Pensar em parar? Nem pensar! Segundo ele segue firme na ativa e pronto para continuar trabalhando. “Não penso em parar. As mãos não estão balançando, estou enxergando muito bem. Me sinto disposto. A gente quando faz algo com amor, é difícil errar e não cansar do que faz. Eu amo muito minha profissão. Aqui eu criei minha família. Tenho medo de um dia parar e não ter para onde ir durante o dia. O salão é a extensão da minha casa”, disse Escurinho.

Legado

O legado desses 60 anos de profissão está bem próximo dele. Ronne Cesar de Brito, filho de Escurinho, trabalha como barbeiro há 32 anos e divide o salão com seu pai desde o começo da carreira. “É um aprendizado gigante. O legado dele tem muita importância. Eu trabalhei com outras coisas durante minha vida, mas foi ser barbeiro que eu aprendi e não tive para onde fugir. Está no sangue”, disse Ronne.

A vivência e a experiência ao lado do pai, deixa Ronne visivelmente orgulhoso da história que ele construiu. “Garanto que se eu chegar próximo do que ele foi, eu já estarei ganhando”, finalizou Ronne.

Airton da Silva, funcionário do salão há um ano e barbeiro há 31 anos, falas com orgulho. “Somos a substituição do que ele fez. Serve muito de exemplo e aprendizado para mim”, disse ele.

Clientela

Um dos clientes mais antigos do salão de cabeleireiro do Escurinho é o aposentado Valter João Rizzi bem que tentou, mas não conseguiu deixar de lado o atendimento do amigo. “Desde quando cheguei em Dracena é aqui que corto meu cabelo e faço a barba. A amizade é grande e gostosa. Já estou acostumado. Tentei mudar de barbeiro, procurar ser atendido por outro, mas não consegui. Criei um vínculo tão grande que a fidelidade não poderia ser deixada de lado. Aqui, o atendimento sempre vem com algo a mais”, finalizou Rizzi.
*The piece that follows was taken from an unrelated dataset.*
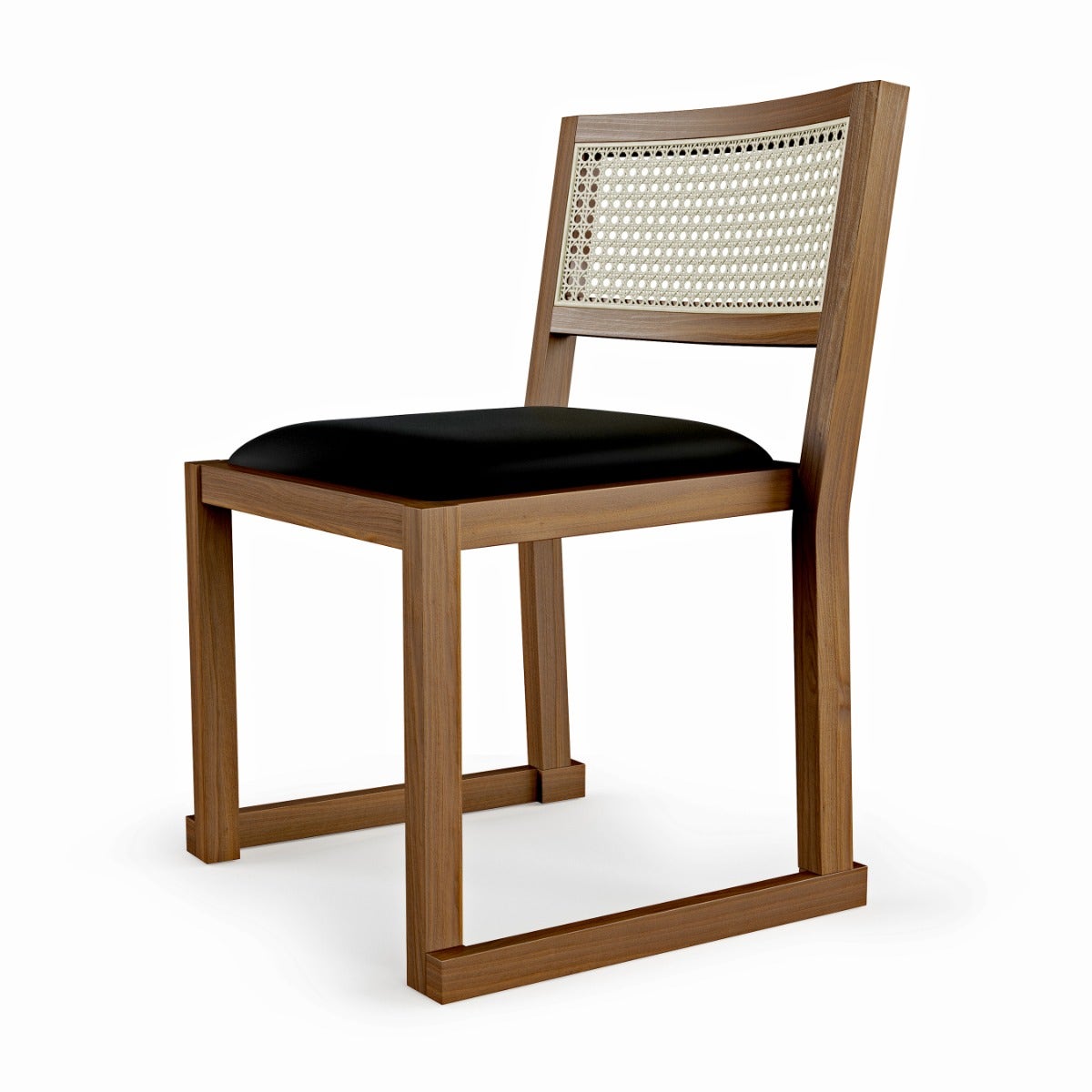 Gus* Modern Eglinton Dining Chair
Segundo o próprio Escurinho, alguns clientes vão visita-lo até mesmo quando não serão atendidos. “Sempre tive muitos clientes. O mais legal é que muitos deles chegam para conversar conosco e não para cortar o cabelo. Temos um relacionamento muito bom, é uma experiência legal”, finalizou o sessentão de barbearia.